Golf is a sport. But what, exactly, makes golf a sport? Is it physical complexities of the golfer’s swing? The subtleties of strategy? Is it the ability to walk across an 18-hole golf course in the heat of summer?
Tuesday, the U.S. Supreme Court took a giant step toward answering that question. The Court ruled 7-2 that a federal disability bias law gives golfer Casey Martin, who suffers from a circulatory disorder that makes walking very painful, a legal right to travel in a golf cart between holes in competition. In other words, Martin won’t be walking but he will still be a golfer.
The decision is a serious blow to the PGA, whose bylaws dictate that each golfer must walk on his own steam throughout tournament play. In the Court’s majority opinion, Justice John Paul Stevens pointed out that the ostensible purpose of the walking rule is to fatigue the players, and since Martin suffers from at least that level of fatigue without walking, the PGA should simply consider his cart use an equalizer. Stevens also referred to the 1990 Americans with Disabilities Act, which bans discrimination against the disabled in "public accommodations," including golf courses. The law dictates that "reasonable modifications" must be made to accommodate the disabled unless those changes would alter the nature of the event or space.
Justices Scalia and Thomas, who banded together in dissent, argued that by granting Martin the privilege of cart use, the Court was creating "individualized rules… for talented but disabled athletes." There is considerable support for the conservative judges’ stance in the golfing world; legends Jack Nicklaus and Arnold Palmer have spoken out against allowing carts into competition, citing the ability to walk a course as an essential part of golfing.
Who’s right? It doesn’t really matter; a majority ruling from the Supreme Court tends to eliminate the need for philosophical debate. But it is an interesting question: What is the fundamental aspect of golf that makes it a sport? And can Casey Martin truly consider himself a "golfer" if he rides from fairway to fairway rather than trekking alongside his competition? If we answer "no," we need to be willing to carry our argument to its ultimate conclusion: If Martin is not physically capable of walking the course, and we agree he should not be permitted to compete with the aid of a cart, then we are cutting Martin out of golf, despite his talent for every other aspect of the game (swinging at, hitting and placing a tiny white ball on a giant swath of grass).

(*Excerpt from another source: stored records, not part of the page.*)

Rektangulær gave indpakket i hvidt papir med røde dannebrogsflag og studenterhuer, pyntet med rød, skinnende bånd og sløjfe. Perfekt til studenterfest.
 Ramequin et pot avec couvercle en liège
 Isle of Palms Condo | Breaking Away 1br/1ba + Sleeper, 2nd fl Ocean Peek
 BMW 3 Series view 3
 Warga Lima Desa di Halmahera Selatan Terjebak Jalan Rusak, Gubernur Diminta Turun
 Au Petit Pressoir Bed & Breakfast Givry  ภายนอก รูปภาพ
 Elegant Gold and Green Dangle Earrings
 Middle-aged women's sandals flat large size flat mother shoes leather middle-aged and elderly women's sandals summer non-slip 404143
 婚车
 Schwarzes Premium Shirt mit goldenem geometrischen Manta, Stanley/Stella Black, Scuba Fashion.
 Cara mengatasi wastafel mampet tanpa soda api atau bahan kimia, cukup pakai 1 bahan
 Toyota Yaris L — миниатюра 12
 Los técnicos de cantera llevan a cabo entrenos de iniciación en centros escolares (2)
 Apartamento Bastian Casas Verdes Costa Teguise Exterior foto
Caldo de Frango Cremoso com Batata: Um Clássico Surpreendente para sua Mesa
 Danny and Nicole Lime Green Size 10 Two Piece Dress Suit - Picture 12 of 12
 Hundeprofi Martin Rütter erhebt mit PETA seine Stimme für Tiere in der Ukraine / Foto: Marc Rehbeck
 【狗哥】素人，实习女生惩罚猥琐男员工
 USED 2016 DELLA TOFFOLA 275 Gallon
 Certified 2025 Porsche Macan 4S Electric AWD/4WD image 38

Once you’ve opened this particular Pandora’s Box, it’s awfully tempting to take the debate a step further: Are professional or other high-level golfers truly participating in their sport if they allow caddies to carry their 30-pound bags of clubs? Should we consider the weekend warriors who carry their own bags the only "pure" golfers left on the links?
It all comes back to the definition of sport. And if you buy into the theory outlined at the story of this story, Casey Martin engages daily in the sport of golf. He is incredibly gifted at the fundamental aspects of his game. In other words, he goes out on the course and hits golf balls with precisely the right force and direction to put them in or near the hole. He may get a ride in a golf cart between shots, but no one takes his shots for him.
Theoretically, of course, we could end this entire debate with a simple decree. Attention PGA golfers: From this moment on, everybody gets a golf cart. Think it bastardizes the game? Don’t use it. Feeling a bit wobbly after the 15th hole? Hop right in. The choice is yours.